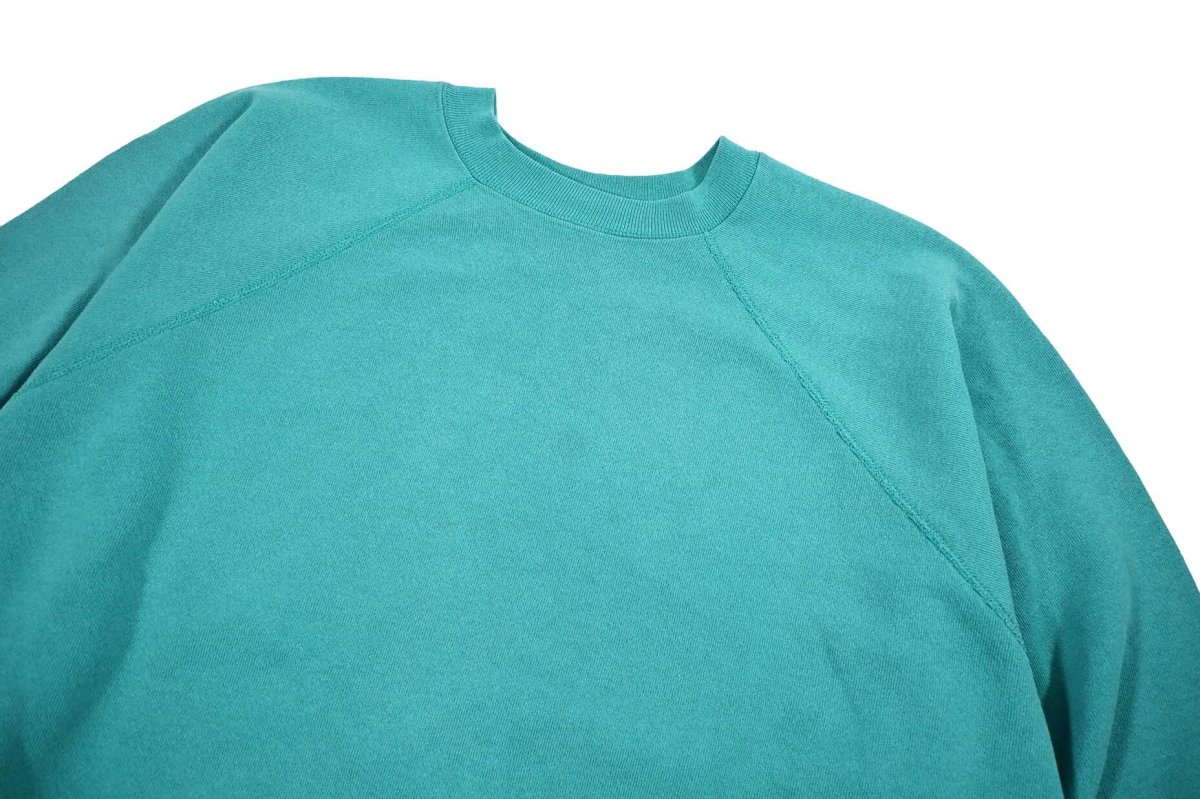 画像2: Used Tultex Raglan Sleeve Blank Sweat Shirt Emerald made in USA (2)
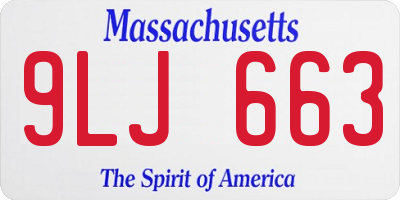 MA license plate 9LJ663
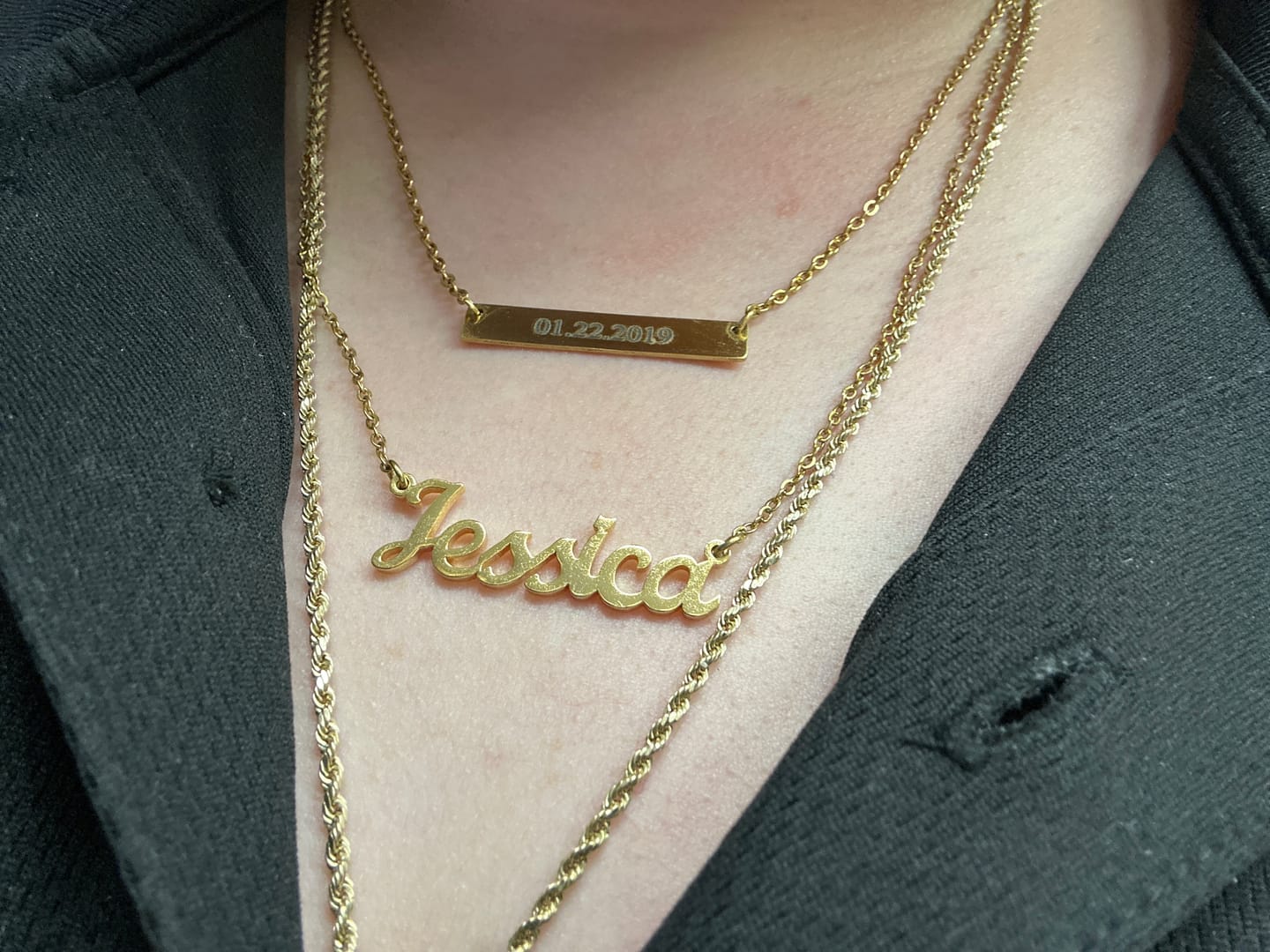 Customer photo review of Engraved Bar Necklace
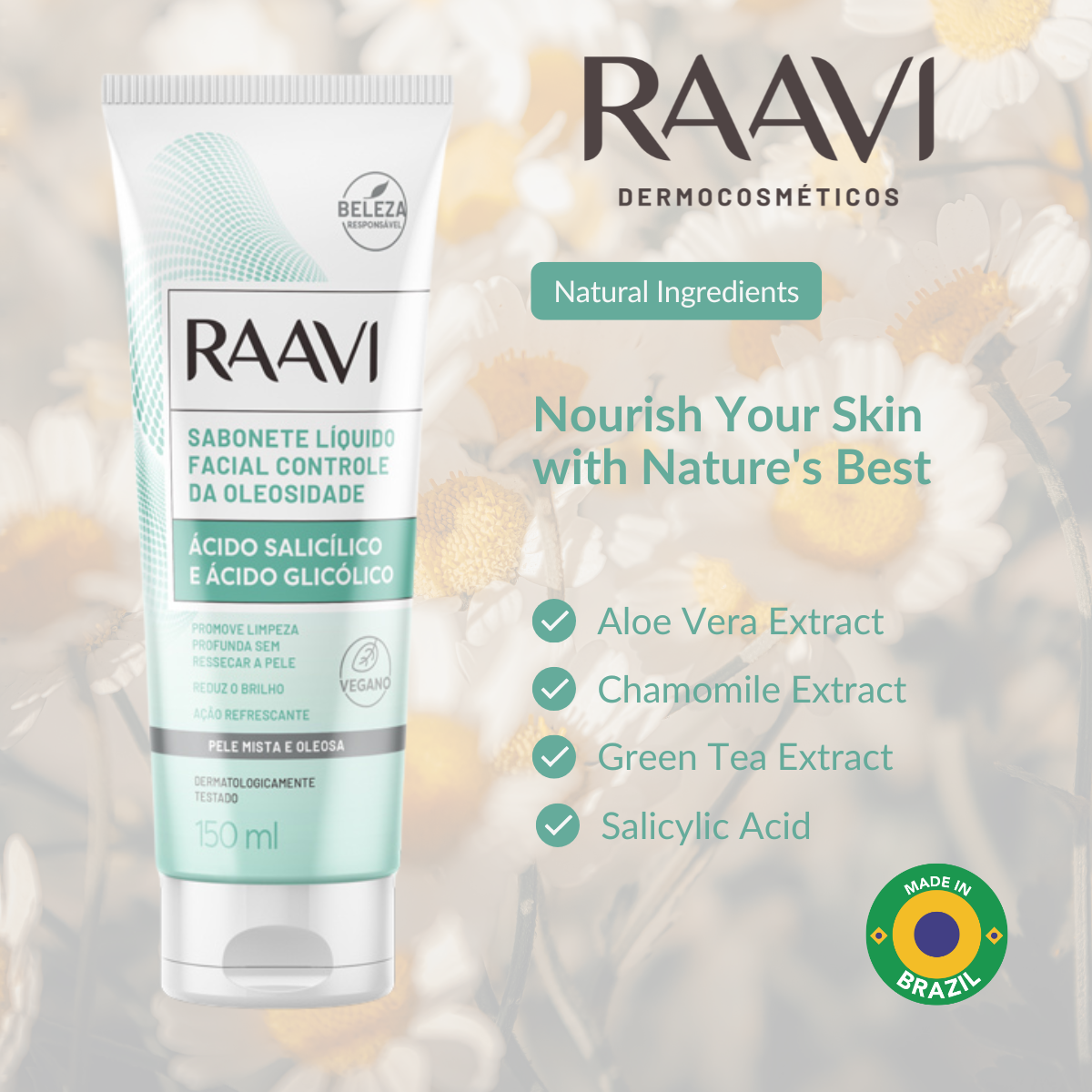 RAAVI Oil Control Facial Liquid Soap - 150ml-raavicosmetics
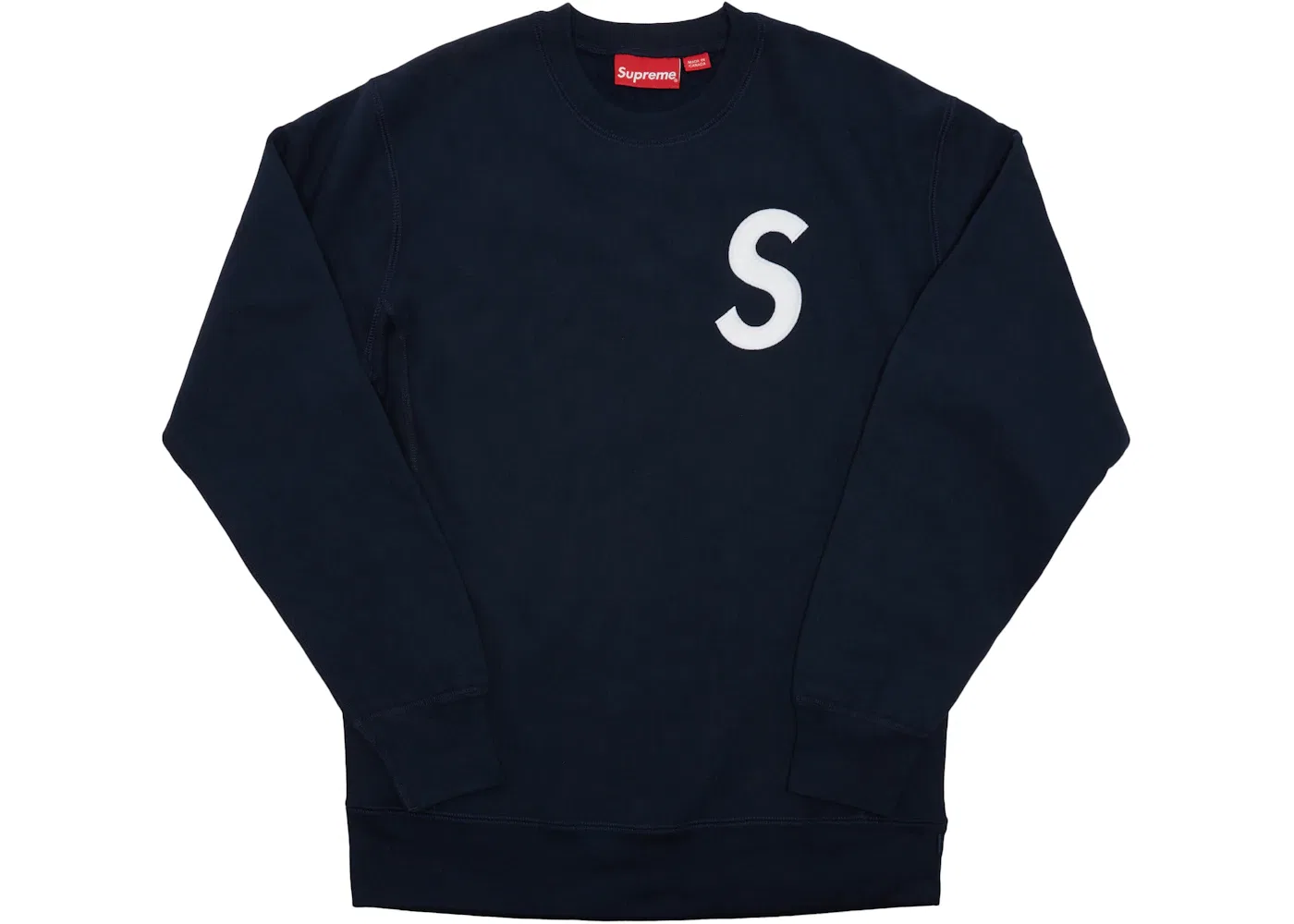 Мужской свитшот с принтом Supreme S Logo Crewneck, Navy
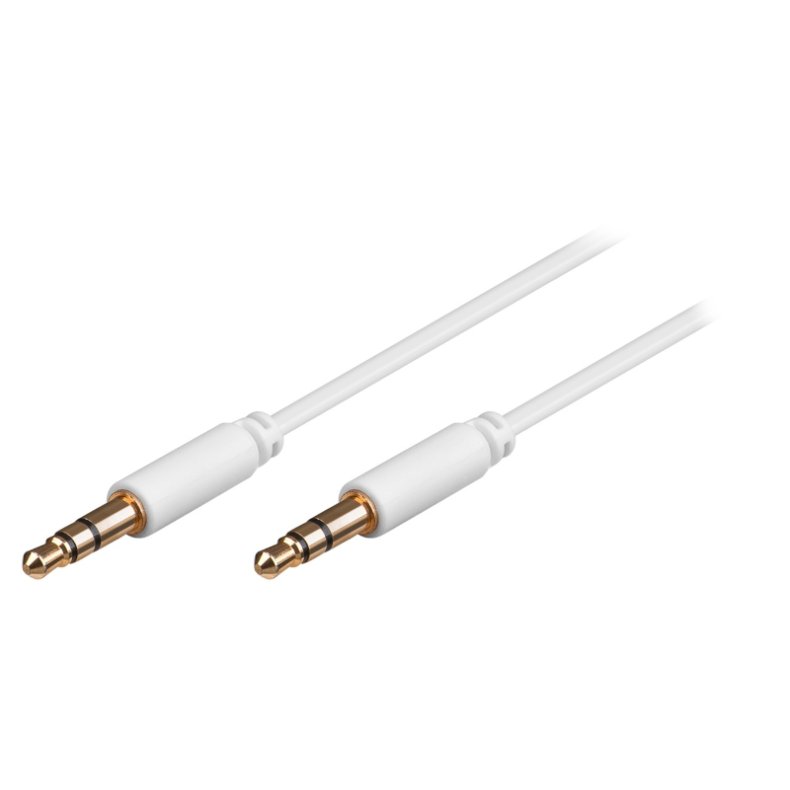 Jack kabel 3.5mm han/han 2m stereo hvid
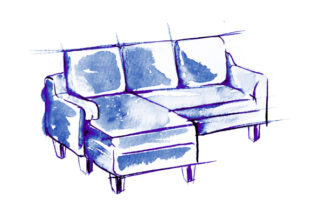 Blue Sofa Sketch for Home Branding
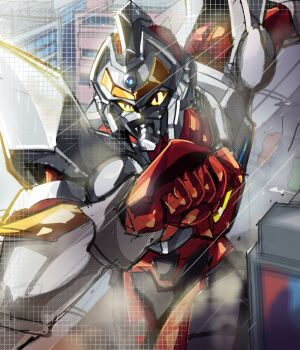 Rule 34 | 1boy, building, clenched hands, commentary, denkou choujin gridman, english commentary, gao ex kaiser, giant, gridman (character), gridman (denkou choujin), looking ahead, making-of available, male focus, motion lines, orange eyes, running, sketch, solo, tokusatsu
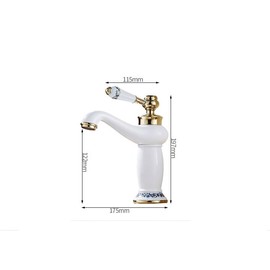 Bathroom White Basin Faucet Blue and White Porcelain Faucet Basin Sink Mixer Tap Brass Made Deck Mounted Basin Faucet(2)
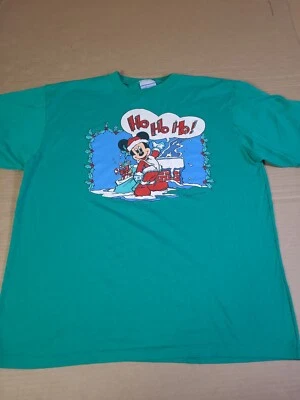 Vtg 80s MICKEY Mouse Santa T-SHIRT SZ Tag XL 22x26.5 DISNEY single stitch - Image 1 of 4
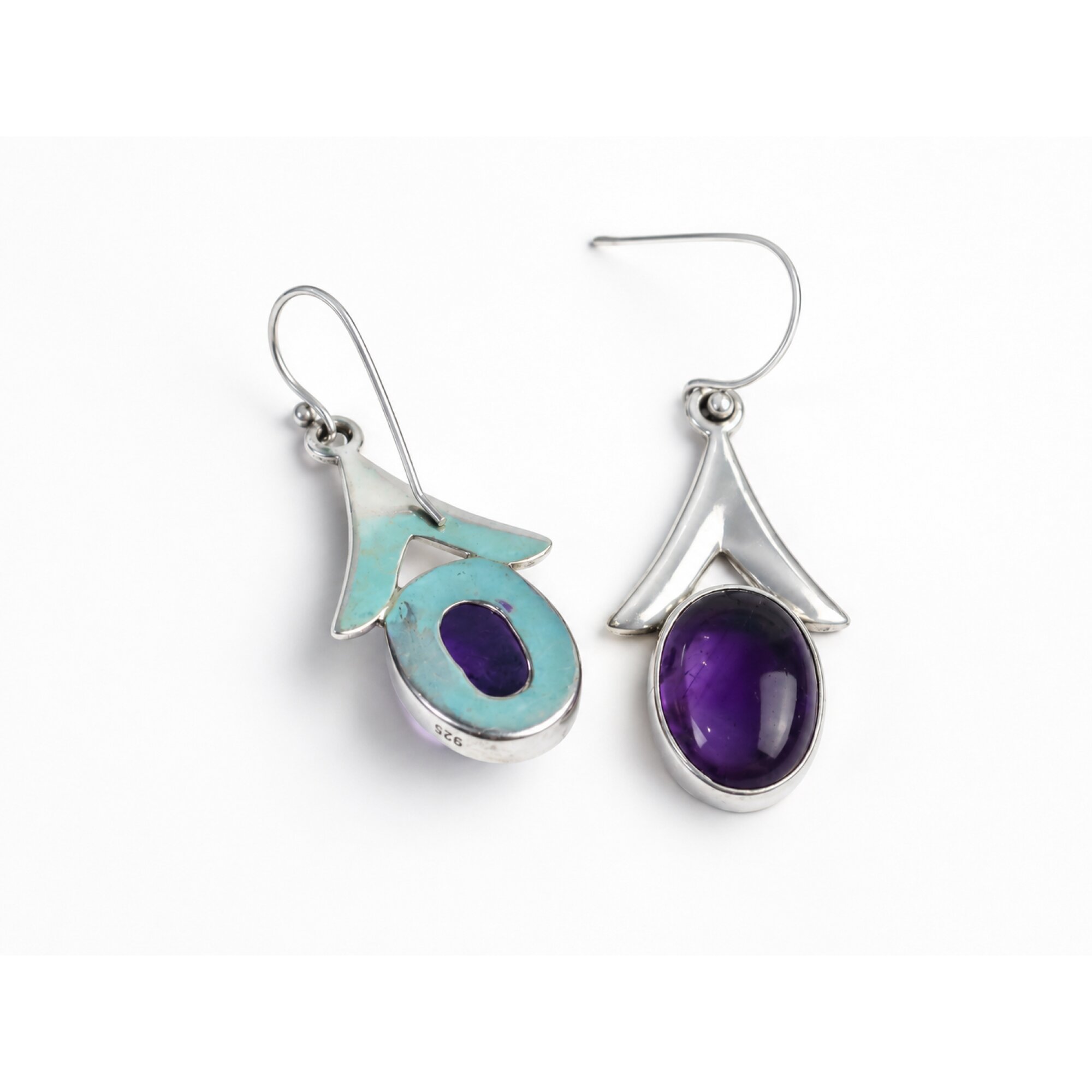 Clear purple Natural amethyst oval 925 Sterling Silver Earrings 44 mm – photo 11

++++++++++

**Work to complete:** Would you copy, word for word, only the lines above from the one containing "RAAVI Oil Control" through the one containing "Blue Sofa Sketch for Home Branding", both included, and please leave out the pictures?

**Exercise response:**
 RAAVI Oil Control Facial Liquid Soap - 150ml-raavicosmetics
 Мужской свитшот с принтом Supreme S Logo Crewneck, Navy
 Jack kabel 3.5mm han/han 2m stereo hvid
 Blue Sofa Sketch for Home Branding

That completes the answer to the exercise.